## Work order
Your task is to transcribe all of the records exactly and leave out the pictures.

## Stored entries

==============================

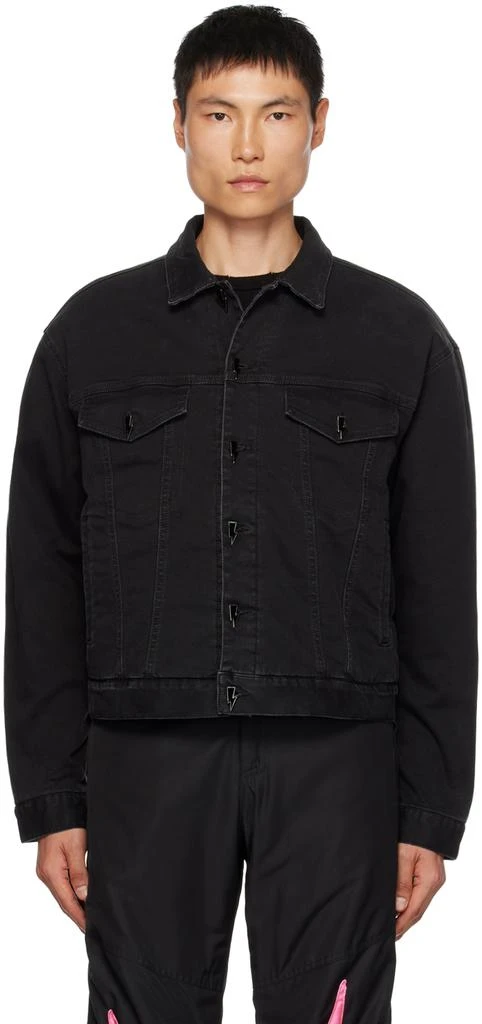 商品Members of the Rage|Black Padded Denim Jacket,价格¥2786,第1张图片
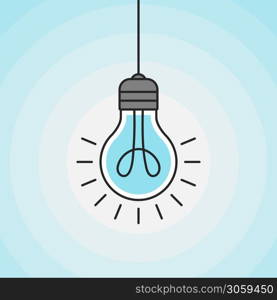 Light bulb idea. Energy and idea symbol. Creative thinking. Vector illustration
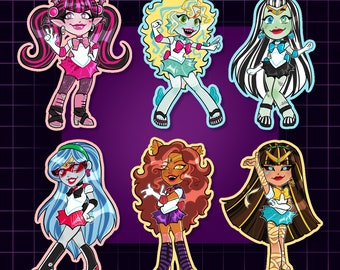 Autocollants holographiques Magical Monster Girls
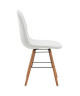 HEMA Lot de 2 chaises de salle a manger  Simili blanc et pieds en hetre massif  Scandinave  L 44 x P 53 cm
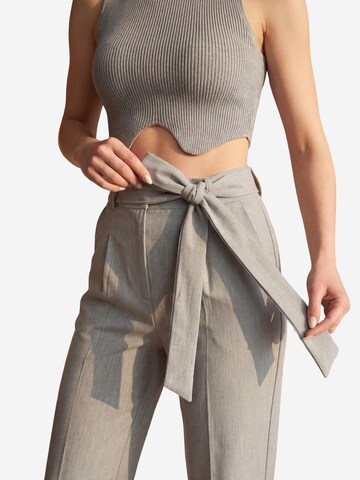 My fashion - Regular Calças com pregas em cinzento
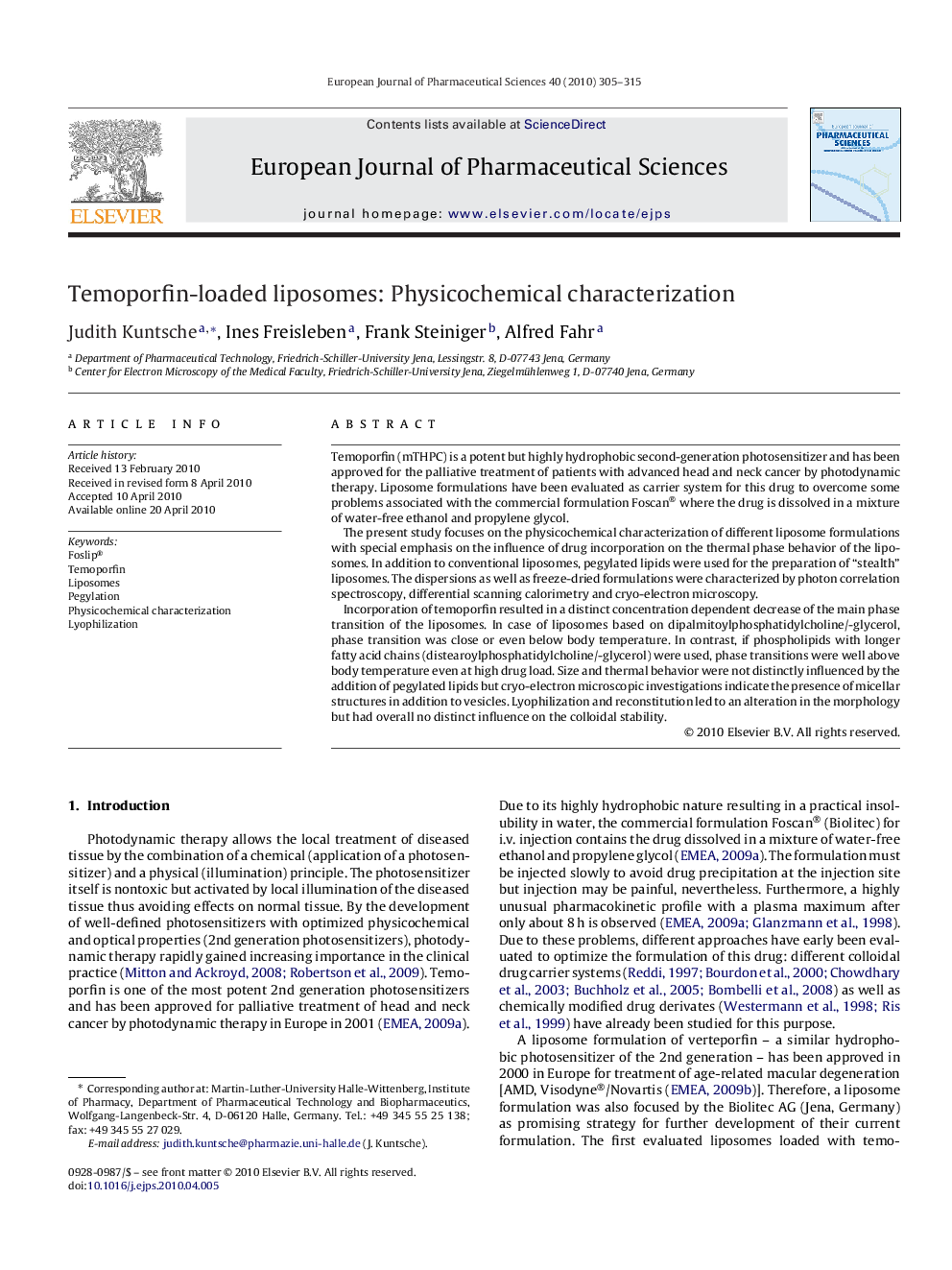 Temoporfin-loaded liposomes: Physicochemical characterization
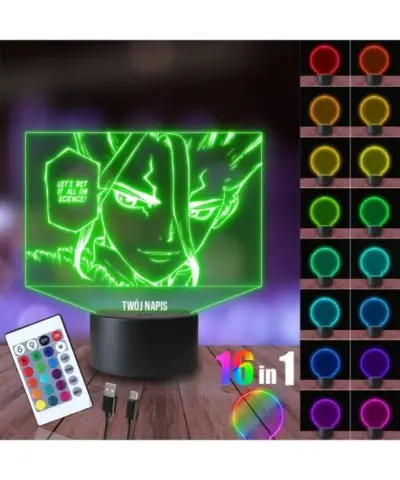 Lampka Nocna 3D LED LAMP Dr Stone Anime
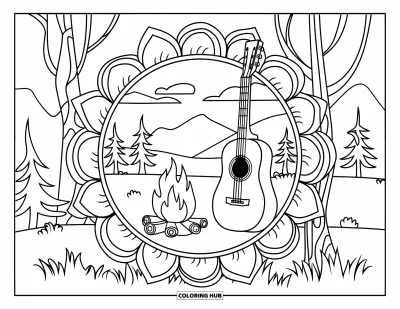 Coloriage de colonie de vacances pour adultes : Une guitare à côté d'un feu de camp avec un paysage de montagne et des bordures en mandala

==============================

## Task response
 商品Members of the Rage|Black Padded Denim Jacket,价格¥2786,第1张图片
 Light bulb idea. Energy and idea symbol. Creative thinking. Vector illustration
 Autocollants holographiques Magical Monster Girls
 HEMA Lot de 2 chaises de salle a manger  Simili blanc et pieds en hetre massif  Scandinave  L 44 x P 53 cm
 My fashion - Regular Calças com pregas em cinzento
 Temoporfin-loaded liposomes: Physicochemical characterization
 Lampka Nocna 3D LED LAMP Dr Stone Anime
 Coloriage de colonie de vacances pour adultes : Une guitare à côté d'un feu de camp avec un paysage de montagne et des bordures en mandala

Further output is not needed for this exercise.